Un film à propos duquel ne viennent que des adjectifs est un film qui n’offre aucune prise. On voudrait plutôt décrire les personnages de Paperboy qu’en raconter l’intrigue : le jeune Jack Jansen (Zac Efron) et son frère aîné (Matthew McConaughey), le tueur qu’interprète John Cusack et son admiratrice incarnée par Nicole Kidman. Tous quatre sont caractérisés mais non motivés, ce qui est aussi commun dans un roman qu’inconfortable dans un film de fiction. L’enquête les révèlera mais ne fera évoluer que Jack, lui que le titre désigne sans lui donner plus d’importance que les autres. Devrait-il témoigner pour eux, raconter la véritable histoire de cet enchaînement de faits divers dont, on nous le dit à la fin, il fera plus tard un livre ? La place du narrateur est déjà prise par Anita, dont la voix plus âpre qu’envoûtante exclut la pudibonderie, jamais la délicatesse. Le détachement affecté du personnage composé par Macy Gray témoigne de son affection, sa façon de mettre les pieds dans le plat de l’acuité de son regard. Elle ne joue presque aucun rôle dans l’aventure, ne demande rien, sinon de l’argent contre un témoignage qu’elle décrit d’emblée comme inutile : confirmation d’un récit si peu romancé que « tout y est vrai ». Elle peut tout dire, contrairement aux protagonistes. Elle n’est habitée par aucun démon, n’attire pas les regards, ne s’y prête pas. Elle n’a donc pas à faire mine de ne pas les voir, ni à suivre une idée fixe pour qu’ils lui deviennent effectivement indifférents.

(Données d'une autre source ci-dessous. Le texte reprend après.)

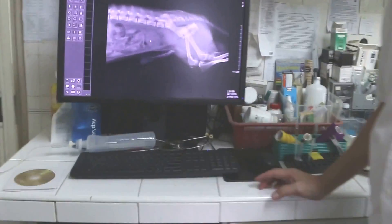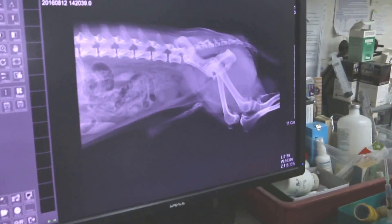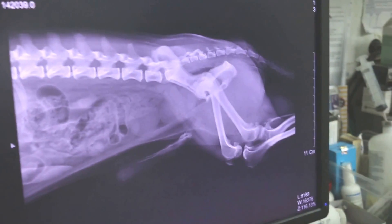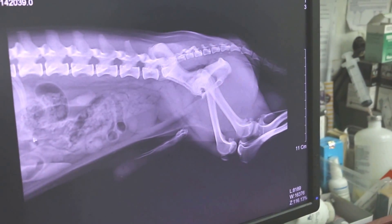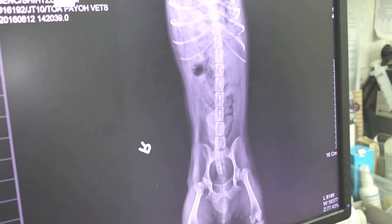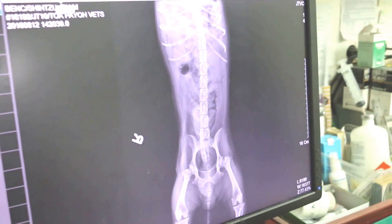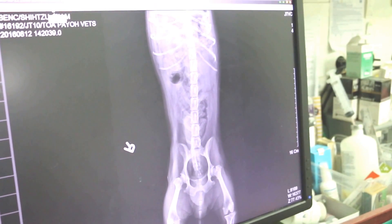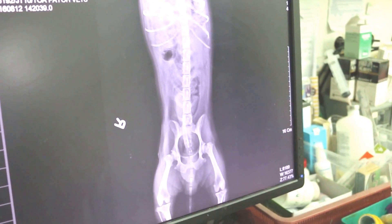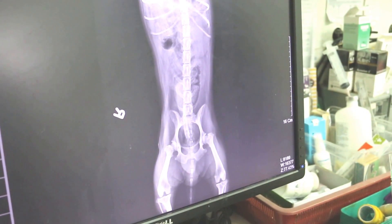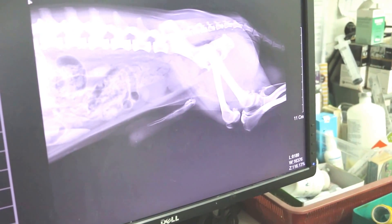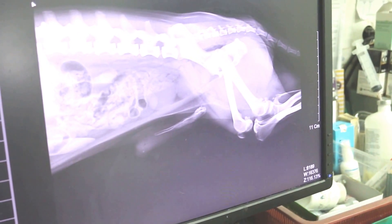X-ray normally we take two views: the lateral view and the ventral dorsal view. You take two views so that you can see the various angles, because if you take one view sometimes you cannot see. So I'm going to the lateral view first — the lateral view of this dog passing blood in the urine.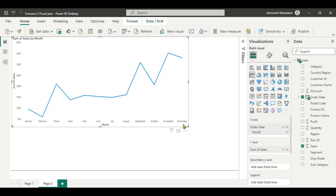Now we can see month-wise sales, but the month is starting from January and ending in December. As per the requirement, we want the sequence where the first month is October and the last is September. So now the third step is to create a date table.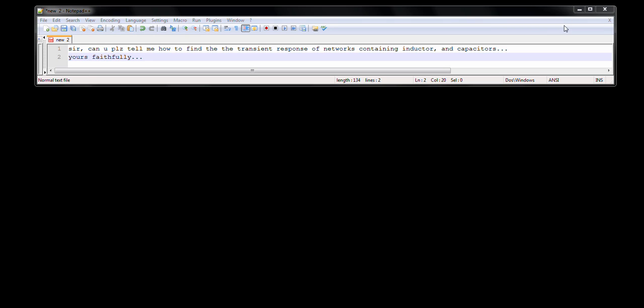Before we proceed, let's quickly define what the transient response would mean. Basically, when you have a capacitor or resistor or inductor, we know that these are energy storage elements. The energy can be absorbed or dissipated — by a resistor, for example. The way that this energy is dissipated by the resistor is what we call the transient response.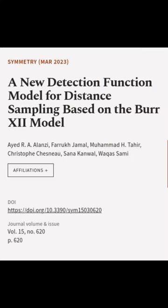This article was authored by Eid R. A. Alanzi, Farrakh Jamal, Muhammad H. Tahir, and others.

Son indifférence, Jack devra la gagner. Il ne tire encore ni plaisir ni fierté du mépris qu’on lui témoigne, se soucie de vertu sinon de morale, défend son honneur. Il peut donc être humilié : la piqûre de méduse tombe à point nommé, oblige son premier amour à lui uriner sur le visage en public, permet à son père de vendre l’histoire croustillante et au reporter excédé venu chercher la gloire de se moquer du play-boy adolescent. Ward comme Anita, qui lui servent de père et de mère, se prêtent eux trop volontairement aux affronts pour que quiconque puisse les rabaisser. Ramassant le verre brisé par terre, la bonne à tout faire assied le caractère odieux de la nouvelle maîtresse de maison. Lorsque le jeune homme qu’elle a élevé traite le journaliste qui le menace de nègre, elle n’accuse pas l’outrage raciste mais l’injure personnelle. Honteux, Jack apprend devant l’exemple à apprécier l’insulte, à s’en faire sa seule gloire. Paperboy, livreur de journaux, il l’est de fait le temps d’un ou deux plans mais n’en méritera le nom qu’aux derniers moments, lorsque le tueur à ses trousses dans le marais l’appellera pour le défier : paperboy, journaleux, gratte-papier, il portera désormais l’expression dédaigneuse comme un titre.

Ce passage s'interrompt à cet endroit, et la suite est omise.